→ **DATA PROVIDED**
+++

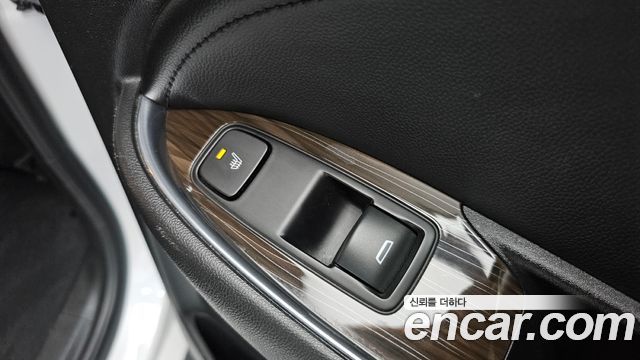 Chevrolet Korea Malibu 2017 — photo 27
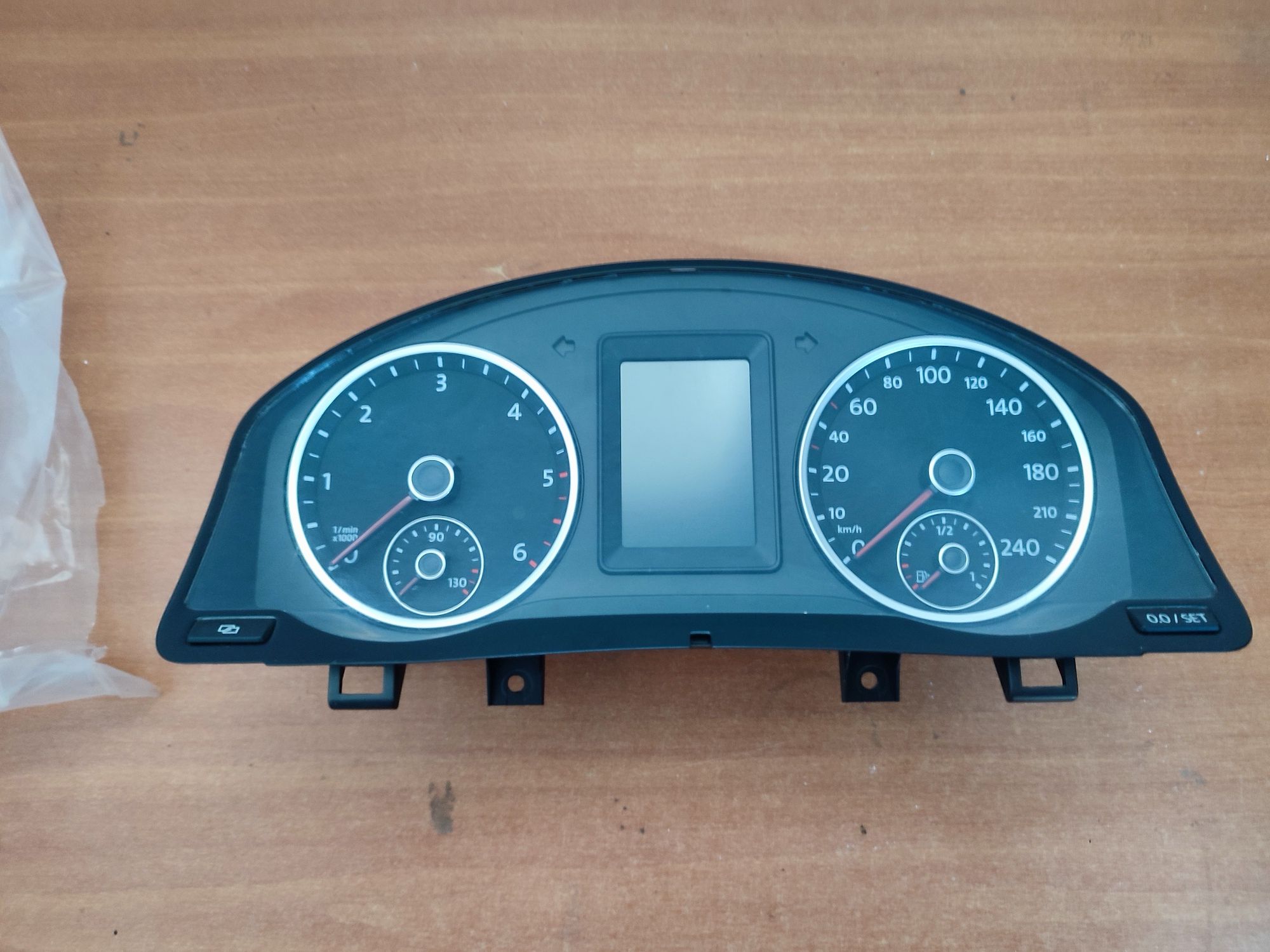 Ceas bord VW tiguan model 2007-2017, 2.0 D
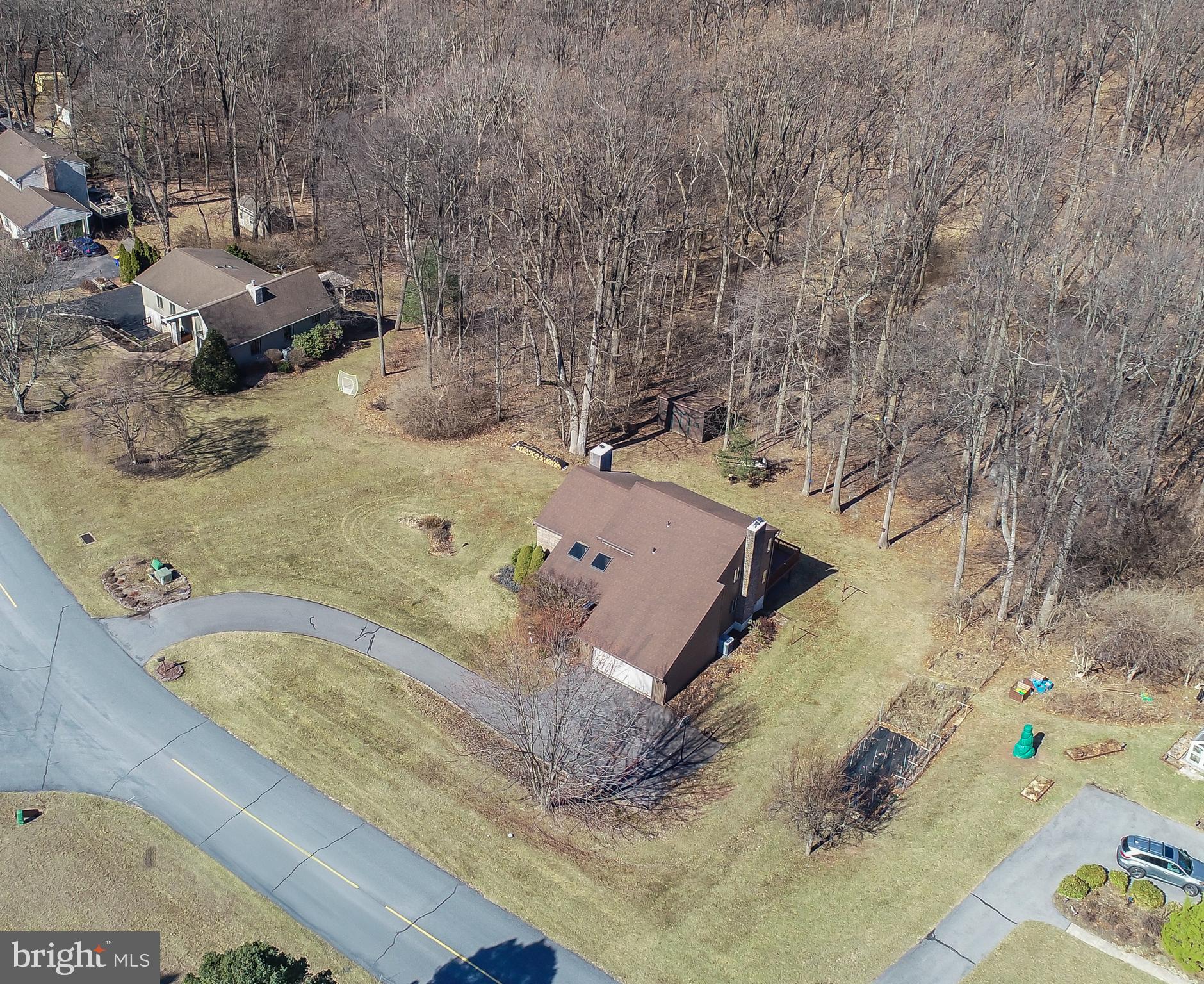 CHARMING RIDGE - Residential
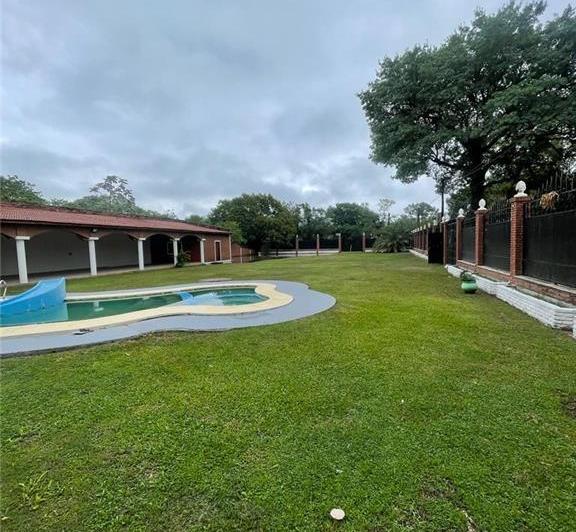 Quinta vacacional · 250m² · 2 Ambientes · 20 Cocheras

+++

→ **WHAT IS BEING ASKED**
Everything but the pictures is needed: copy the data above exactly.

→ **OUTPUT**
 Chevrolet Korea Malibu 2017 — photo 27
 Ceas bord VW tiguan model 2007-2017, 2.0 D
 CHARMING RIDGE - Residential
 Quinta vacacional · 250m² · 2 Ambientes · 20 Cocheras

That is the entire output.